Itulah beberapa target dan tujuan propaganda keji itu ! Dan merupakan musibah yang lebih besar lagi, adanya segelintir oknum dari kalangan kaum muslimin dan orang-orang yang mengaku muslim menyambut positif propaganda tersebut!! Bahkan mendukung terselenggaranya muktamar-mukatamar yang mereka adakan. Sehingga gaungnya menjadi lebih luas, berlomba-lomba menyambut seruan keji dan konspirasi jahat orang-orang kafir tersebut. Sehingga muncullah ide gila dari seorang yang mengaku muslim, yaitu menerbitkan sebuah kitab yang terangkum di dalamnya tiga kitab suci dalam satu jilid, Al-Qur'an, Taurat dan Injil.

Sungguh, kita tentunya sering membaca firman Allah subhanahu wa Ta'ala.

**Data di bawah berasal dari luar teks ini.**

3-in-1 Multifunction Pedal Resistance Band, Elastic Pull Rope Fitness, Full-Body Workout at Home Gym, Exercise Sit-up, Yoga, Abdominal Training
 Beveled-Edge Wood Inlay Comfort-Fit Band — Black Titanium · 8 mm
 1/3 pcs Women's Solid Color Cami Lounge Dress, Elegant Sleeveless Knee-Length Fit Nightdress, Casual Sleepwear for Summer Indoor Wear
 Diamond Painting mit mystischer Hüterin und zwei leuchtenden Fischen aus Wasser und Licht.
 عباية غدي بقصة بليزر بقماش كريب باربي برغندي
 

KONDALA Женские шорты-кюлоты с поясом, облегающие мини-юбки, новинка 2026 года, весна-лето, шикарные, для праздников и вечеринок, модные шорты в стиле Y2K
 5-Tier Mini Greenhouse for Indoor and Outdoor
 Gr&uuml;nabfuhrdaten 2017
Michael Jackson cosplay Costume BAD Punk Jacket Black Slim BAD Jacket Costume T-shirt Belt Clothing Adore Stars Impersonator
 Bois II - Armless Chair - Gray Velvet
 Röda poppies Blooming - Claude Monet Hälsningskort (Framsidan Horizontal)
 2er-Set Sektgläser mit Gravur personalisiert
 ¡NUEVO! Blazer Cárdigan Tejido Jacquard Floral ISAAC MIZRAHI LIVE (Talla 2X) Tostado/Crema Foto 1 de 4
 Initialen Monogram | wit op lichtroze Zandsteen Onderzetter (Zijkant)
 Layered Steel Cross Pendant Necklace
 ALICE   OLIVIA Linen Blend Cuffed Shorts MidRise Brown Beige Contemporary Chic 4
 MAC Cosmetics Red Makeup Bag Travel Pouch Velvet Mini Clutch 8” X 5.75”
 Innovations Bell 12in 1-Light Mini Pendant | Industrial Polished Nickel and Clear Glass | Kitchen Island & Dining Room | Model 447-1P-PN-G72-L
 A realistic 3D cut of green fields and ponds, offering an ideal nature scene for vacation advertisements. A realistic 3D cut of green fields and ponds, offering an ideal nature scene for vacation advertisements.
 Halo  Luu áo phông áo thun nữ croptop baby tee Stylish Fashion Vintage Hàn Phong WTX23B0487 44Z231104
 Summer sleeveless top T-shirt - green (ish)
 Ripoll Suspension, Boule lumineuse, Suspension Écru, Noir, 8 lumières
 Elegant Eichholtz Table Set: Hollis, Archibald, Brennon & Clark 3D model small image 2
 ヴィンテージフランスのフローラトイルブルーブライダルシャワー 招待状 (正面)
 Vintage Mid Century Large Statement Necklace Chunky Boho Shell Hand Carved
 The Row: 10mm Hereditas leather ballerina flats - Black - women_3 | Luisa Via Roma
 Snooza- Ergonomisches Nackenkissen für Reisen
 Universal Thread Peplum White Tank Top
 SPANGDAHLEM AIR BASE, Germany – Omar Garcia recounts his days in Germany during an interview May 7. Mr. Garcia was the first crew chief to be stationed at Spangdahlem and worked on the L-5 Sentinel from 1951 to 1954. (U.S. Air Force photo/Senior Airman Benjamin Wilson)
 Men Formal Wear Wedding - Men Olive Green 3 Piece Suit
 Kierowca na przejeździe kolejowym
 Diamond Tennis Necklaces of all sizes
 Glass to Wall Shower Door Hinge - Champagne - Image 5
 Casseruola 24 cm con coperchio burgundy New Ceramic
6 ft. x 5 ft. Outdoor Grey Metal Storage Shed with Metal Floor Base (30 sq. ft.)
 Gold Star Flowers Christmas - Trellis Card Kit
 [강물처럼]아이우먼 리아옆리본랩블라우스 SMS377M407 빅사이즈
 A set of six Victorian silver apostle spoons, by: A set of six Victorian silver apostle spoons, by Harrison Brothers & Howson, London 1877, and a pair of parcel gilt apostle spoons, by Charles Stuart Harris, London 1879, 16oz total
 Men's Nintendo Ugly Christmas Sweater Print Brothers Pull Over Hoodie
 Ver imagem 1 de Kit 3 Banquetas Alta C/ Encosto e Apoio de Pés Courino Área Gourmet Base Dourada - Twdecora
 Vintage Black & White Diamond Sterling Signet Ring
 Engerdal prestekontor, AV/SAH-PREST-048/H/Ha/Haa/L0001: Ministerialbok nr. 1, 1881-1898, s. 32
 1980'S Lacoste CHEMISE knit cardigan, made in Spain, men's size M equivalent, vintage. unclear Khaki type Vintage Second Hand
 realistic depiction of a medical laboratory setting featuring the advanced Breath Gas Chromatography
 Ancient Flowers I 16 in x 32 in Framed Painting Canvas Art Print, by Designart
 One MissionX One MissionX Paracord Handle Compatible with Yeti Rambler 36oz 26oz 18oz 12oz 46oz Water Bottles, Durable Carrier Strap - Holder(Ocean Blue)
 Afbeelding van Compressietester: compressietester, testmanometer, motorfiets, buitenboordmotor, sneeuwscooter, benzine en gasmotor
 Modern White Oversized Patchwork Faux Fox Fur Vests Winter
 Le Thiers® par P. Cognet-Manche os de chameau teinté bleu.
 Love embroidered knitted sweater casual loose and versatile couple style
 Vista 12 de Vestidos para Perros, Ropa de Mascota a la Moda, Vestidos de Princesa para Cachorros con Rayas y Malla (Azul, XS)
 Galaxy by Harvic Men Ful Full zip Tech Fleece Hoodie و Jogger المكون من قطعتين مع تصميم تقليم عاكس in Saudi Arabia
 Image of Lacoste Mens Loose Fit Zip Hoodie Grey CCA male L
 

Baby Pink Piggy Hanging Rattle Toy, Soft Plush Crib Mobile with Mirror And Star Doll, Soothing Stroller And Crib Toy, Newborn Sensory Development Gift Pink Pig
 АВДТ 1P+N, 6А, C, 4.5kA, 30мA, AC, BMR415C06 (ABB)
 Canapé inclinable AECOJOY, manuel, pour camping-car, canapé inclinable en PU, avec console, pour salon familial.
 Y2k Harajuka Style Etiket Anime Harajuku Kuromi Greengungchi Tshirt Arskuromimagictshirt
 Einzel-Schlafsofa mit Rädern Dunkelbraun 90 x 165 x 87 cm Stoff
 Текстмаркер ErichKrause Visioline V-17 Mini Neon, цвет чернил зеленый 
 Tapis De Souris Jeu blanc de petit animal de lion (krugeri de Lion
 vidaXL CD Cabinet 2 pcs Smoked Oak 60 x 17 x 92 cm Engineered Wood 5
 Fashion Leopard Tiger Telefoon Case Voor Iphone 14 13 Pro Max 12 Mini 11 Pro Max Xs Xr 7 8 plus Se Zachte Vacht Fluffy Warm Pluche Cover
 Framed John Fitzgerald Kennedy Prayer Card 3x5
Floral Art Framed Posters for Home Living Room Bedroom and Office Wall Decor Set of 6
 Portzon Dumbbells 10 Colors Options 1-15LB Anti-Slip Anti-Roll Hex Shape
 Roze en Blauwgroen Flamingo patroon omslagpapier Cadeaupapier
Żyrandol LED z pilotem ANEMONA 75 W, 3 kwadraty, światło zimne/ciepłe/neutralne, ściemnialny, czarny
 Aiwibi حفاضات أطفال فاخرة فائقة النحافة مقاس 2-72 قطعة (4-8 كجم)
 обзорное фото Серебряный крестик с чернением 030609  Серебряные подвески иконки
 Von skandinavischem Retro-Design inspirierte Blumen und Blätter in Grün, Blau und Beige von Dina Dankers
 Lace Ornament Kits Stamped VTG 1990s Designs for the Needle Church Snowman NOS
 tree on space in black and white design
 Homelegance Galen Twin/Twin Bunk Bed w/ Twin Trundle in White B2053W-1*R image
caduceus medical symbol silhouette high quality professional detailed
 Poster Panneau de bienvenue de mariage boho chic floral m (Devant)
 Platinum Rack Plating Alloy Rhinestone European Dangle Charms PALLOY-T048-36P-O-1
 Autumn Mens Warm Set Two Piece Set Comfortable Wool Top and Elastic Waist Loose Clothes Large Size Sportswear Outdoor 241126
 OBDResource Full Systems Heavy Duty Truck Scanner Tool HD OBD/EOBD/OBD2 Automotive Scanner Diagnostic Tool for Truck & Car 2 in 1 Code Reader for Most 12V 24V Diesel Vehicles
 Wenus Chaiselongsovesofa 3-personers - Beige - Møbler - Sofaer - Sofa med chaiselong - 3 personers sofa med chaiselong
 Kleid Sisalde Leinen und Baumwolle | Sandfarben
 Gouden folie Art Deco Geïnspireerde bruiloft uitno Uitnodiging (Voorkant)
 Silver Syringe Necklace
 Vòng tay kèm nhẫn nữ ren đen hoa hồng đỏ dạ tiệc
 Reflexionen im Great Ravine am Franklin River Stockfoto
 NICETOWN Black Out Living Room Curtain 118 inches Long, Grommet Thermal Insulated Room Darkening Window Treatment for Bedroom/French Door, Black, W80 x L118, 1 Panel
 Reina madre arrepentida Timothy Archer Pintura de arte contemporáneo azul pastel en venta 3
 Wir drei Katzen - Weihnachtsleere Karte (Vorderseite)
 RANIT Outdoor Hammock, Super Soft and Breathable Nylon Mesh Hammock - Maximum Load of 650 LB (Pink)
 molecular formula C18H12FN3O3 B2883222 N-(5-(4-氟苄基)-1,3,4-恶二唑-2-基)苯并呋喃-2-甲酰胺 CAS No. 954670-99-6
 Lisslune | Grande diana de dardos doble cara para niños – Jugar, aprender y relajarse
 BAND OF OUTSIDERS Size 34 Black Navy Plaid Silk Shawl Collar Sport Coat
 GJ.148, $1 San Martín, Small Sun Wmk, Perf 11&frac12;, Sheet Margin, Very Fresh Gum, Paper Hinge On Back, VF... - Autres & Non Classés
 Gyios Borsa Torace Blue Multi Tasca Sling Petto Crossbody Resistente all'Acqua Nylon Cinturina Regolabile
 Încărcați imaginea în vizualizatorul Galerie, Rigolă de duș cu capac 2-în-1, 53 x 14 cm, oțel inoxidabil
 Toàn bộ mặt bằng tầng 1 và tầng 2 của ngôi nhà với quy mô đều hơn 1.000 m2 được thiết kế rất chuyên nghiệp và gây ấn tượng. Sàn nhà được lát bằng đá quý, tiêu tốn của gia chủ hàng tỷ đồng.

"Artinya : Itu hanyalah cobaan dari Engkau, Engkau sesatkan dengan cobaan itu siapa yang Engkau kehendaki dan Engkau beri petunjuk kepada siapa yang Engkau kehendaki". [Al-Araaf : 155]

Sebagaimana dimaklumi pintu ijtihad dan takwil terbuka luas yang bukan mustahil dapat menyebabkan pelakunya meyakini perkara yang halal menjadi haram dan perkara yang haram menjadi halal ![3] Hal itu jika ijtihad dan takwil tersebut masih tergolong boleh ! Bagaimana pula bila keduanya tidak bibolehkan !? Maka ijtihad tersebut termasuk ijtihad keji yang bertentangan dengan dasar-dasar aqidah dalam Islam yang sudah dimaklumi secara luas. Walau bagaimanapun juga, tidaklah dibolehkan meninggalkan As-Sunnah dan petunjuk nabi ! Dan wajib hukumnya menolak ijtihad dan takwil yang keliru, apalagi jika tergolong sesat ! Sebaliknya, wajib hukumnya memelihara Dienul Islam dan menepis bentuk-bentuk kejahatan terhadapnya. Hal itu merupakan hak Islam yang wajib dipenuhi dan merupakan konsekuensi ilmu dan iman !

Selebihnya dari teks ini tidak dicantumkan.